EXERCISE DESCRIPTION
From the line that contains "Essence Hoodie" to the last line of the entries, write each line out exactly; include both ends and nothing else.

┏━━

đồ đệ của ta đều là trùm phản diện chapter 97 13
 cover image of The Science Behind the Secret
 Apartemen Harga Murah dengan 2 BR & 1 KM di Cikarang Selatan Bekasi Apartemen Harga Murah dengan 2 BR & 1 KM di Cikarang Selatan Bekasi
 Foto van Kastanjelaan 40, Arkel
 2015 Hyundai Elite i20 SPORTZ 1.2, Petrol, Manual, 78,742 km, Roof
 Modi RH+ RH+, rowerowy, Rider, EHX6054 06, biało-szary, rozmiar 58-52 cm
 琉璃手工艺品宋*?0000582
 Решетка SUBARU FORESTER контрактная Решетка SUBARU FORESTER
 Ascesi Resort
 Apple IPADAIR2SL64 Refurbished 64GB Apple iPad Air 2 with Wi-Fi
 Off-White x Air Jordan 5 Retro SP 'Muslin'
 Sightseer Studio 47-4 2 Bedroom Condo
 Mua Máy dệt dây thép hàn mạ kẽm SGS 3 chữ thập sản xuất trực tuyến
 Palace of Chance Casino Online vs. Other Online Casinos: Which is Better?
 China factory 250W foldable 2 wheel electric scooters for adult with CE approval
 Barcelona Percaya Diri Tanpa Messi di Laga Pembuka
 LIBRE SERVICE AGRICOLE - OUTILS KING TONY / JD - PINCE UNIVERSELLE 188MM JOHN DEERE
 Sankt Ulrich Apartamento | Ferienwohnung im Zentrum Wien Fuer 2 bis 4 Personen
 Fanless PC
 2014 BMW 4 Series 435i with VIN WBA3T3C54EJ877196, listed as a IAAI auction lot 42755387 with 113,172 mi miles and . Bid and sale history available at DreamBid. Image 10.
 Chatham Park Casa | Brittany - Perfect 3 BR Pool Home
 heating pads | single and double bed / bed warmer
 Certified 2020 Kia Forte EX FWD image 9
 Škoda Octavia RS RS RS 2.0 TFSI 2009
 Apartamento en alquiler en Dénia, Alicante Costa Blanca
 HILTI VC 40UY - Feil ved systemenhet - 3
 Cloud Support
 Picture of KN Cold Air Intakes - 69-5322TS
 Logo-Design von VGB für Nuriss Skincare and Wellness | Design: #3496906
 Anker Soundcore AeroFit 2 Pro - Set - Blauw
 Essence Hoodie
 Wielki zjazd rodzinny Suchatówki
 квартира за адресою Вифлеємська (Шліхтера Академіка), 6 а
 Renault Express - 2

┗━━

TASK RESPONSE
 Essence Hoodie
 Wielki zjazd rodzinny Suchatówki
 квартира за адресою Вифлеємська (Шліхтера Академіка), 6 а
 Renault Express - 2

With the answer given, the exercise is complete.